Exercise brief:
Copy, word for word, the line containing "Lave-vaisselle Frigidaire Gallery, cuve" and each line that follows it in the entries below; pictures do not belong in the copy.

Material to process:
────────────────────────────────────────

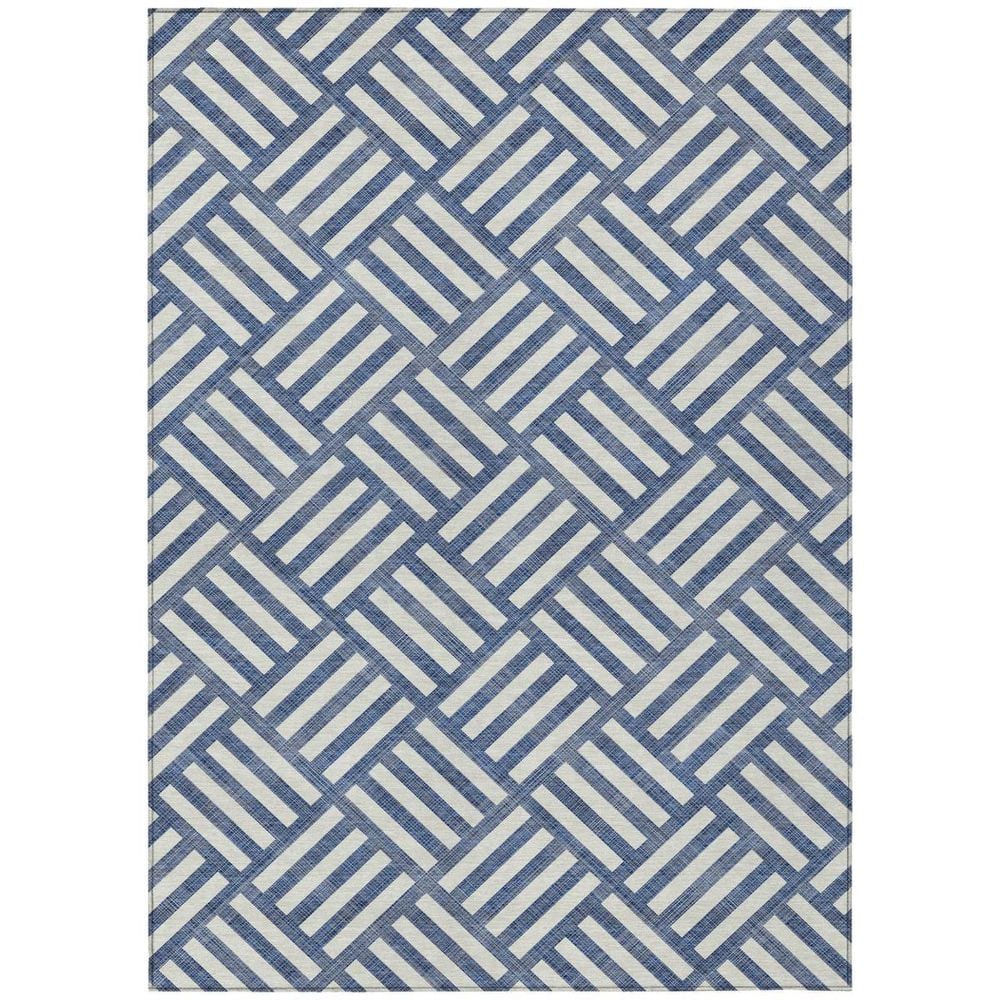 Navy Blue, Ivory 9 ft. x 12 ft. Woven Geometric Polyester Rectangle Indoor/Outdoor Area Rug price history on PriceWatchPro
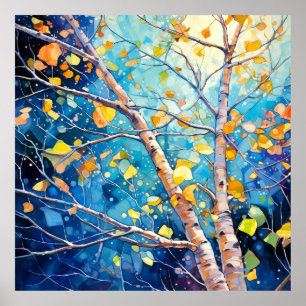 Póster Bosque encantado de otoño nocturno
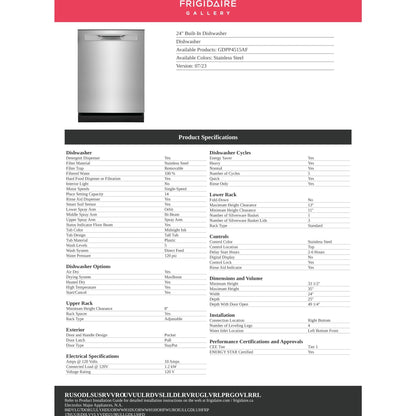 Lave-vaisselle Frigidaire Gallery, cuve en plastique (GDPP4515AF) - Acier inoxydable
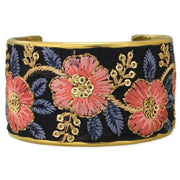 Pink, Blue & Gold Embroidered Cuff Bracelet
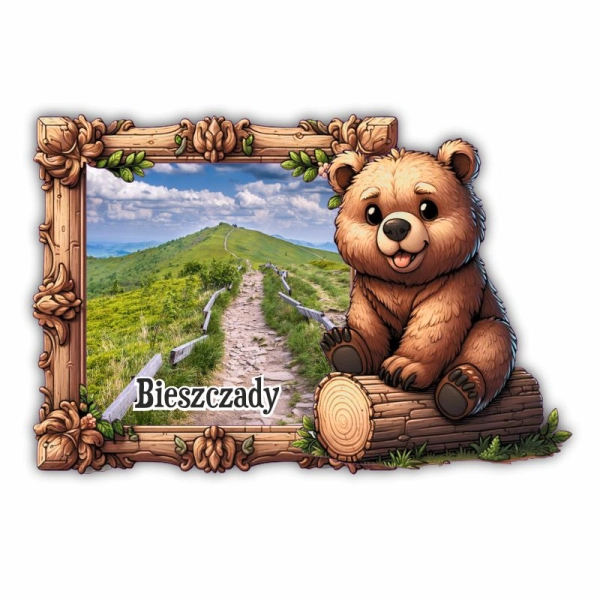 Drewniany magnes Niedźwiadek z ramką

────────────────────────────────────────

Output for this exercise:
 Lave-vaisselle Frigidaire Gallery, cuve en plastique (GDPP4515AF) - Acier inoxydable
 Pink, Blue & Gold Embroidered Cuff Bracelet
 Drewniany magnes Niedźwiadek z ramką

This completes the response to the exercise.